Thursday, June 27, 2013
Examining criteria for a champion
By Michael Rothstein
Nick Saban is a major reason the SEC has hoisted the crystal football for seven years in a row.
So you think your team has a chance to reach the national championship game this season. You think this could be the year.
Hold up a second.
While there are always questions of timing and scheduling and the human element to winning college football games and reaching the national championship, there are some surprising similarities between teams that have been able to lift a crystal football at the end of the season and those who have come close.
Some, like talent, coaching and, at least for the past seven years, residing in the SEC, are obvious. But what about what takes place on the field?
Since 2006, when the Southeastern Conference began dominating college football, there have been specific criteria which have fit all of the champions plus three other teams (Florida in 2009, Penn State in 2008 and Ohio State in 2006), all of whom reached the Bowl Championship Series.
The criteria would have even been more streamlined, except Auburn’s defense in 2010 was a statistical tire fire and Florida found a bunch of ways to not score or rush too well in 2006. Had they been better in those areas, almost every statistical category measured by the NCAA would have had a strong baseline ranking for a champion.
While this isn’t foolproof -- again, see Auburn and Florida -- the following criteria could give you an idea as the season goes along how much of a chance your school really has at winning it all.
Rank 38th or better in rushing offense: Every national champion averaged more than 160 yards rushing during its national championship season and all save that 2006 Florida team gained more than 214.4 yards a game on the ground and ranked in the top 16.
Rank 23rd or better in scoring offense: National champions have been able to score a lot, which is even more impressive considering every national title winner since the 2006 season has been in the defense-oriented SEC. Every title team averaged at least 29.7 points a game and only 2006 Florida was under 32 points.
Rank 37th or better in passing efficiency: The national title winners have all been in the upper third when it comes to passing the ball -- again, a mild surprise considering the level of defenses in the SEC. Every national champion had a passer efficiency rating of 133.61 or better and was ranked 37th or better.
The past seven national champs have been particularly adept at stopping the run.
Have a top 15 run defense: For all the prior criticism of Auburn’s defense in 2010, the Tigers actually fared well here, ranking ninth in rushing defense that season. They did give up the most yards per game of any of the national champions, though, with 109.07. All, too, were ranked in the Top 15. Interestingly, Alabama has been the top rushing defense in the country the past two seasons when it won national titles. Of the seven national champions, four held opponents under 80 yards rushing a game.
Rank in the top 40 in sacks (but don’t rank too high): Surprisingly, none of the national title winners was in the top 10 in sacks, either, but all landed in the Top 40, somewhere between 2.29 and 2.64 sacks a game and somewhere between No. 24 and No. 40. So putting some pressure on an opponent’s quarterbacks -- but not too much? -- should be at a premium when it comes to fielding a title contender.

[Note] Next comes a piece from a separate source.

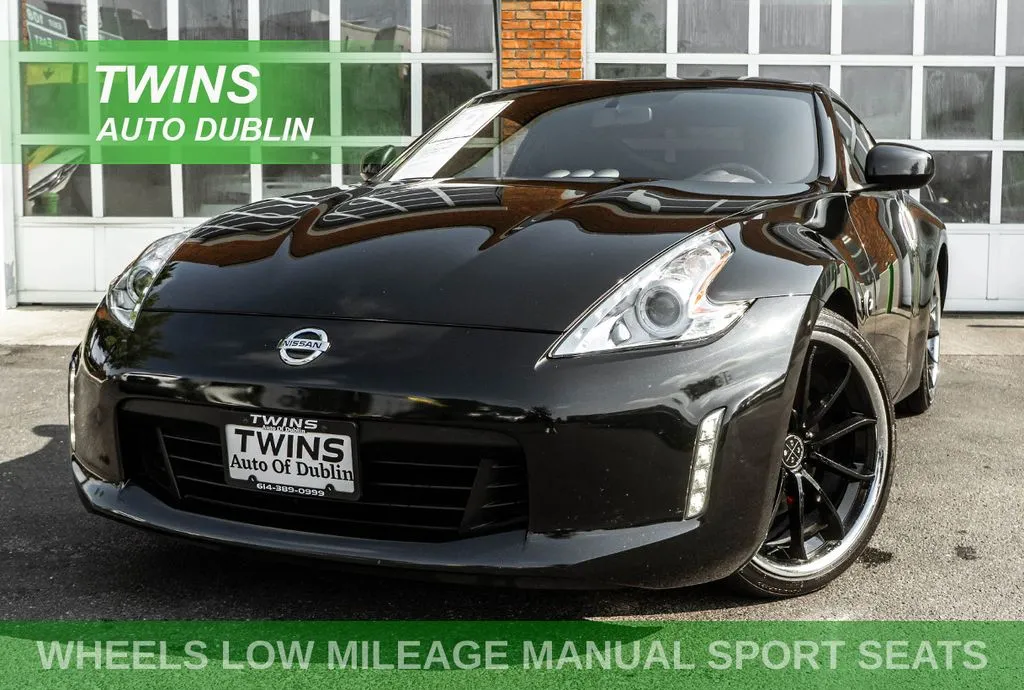 Black 2017 Nissan 370Z Touring for sale in Dublin, OH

Have at least one player selected in the first round of the NFL draft following the national title game: This, actually, should not be much of a surprise considering the national champion should have at least some NFL-caliber talent on it to survive the season. Defending national champion Alabama did a good job of this in this past draft with three players in the top 11. The total first-rounders for the Crimson Tide actually dropped from the 2012 draft, which saw four players taken from the school. Every title winner, though, has had at least one the following April.
Have a player score at least 10 touchdowns rushing and/or receiving: Again, this seems like a no-brainer, especially considering how many points a game the national champion teams are averaging. But it also shows if a team spreads it around too much, there might not be that gamebreaker type of player to get a team a score when it was absolutely necessary.
Did not lose a non-conference game in the regular season: Again, not a stunner here. The national champions over the past seven years which have lost games have all lost them within the confines of the SEC. This, though, actually blows up the theory that losing early is better than losing late when it comes to the national polls and winning a national championship considering most non-conference games are played in September and early October. So as you get ready to dig in to conference play, know if your team dropped a game, it could be in real trouble to win a title. And/or if it has a difficult non-conference game (see Georgia vs. Clemson in August and Michigan vs. Notre Dame in September), that game might loom even larger.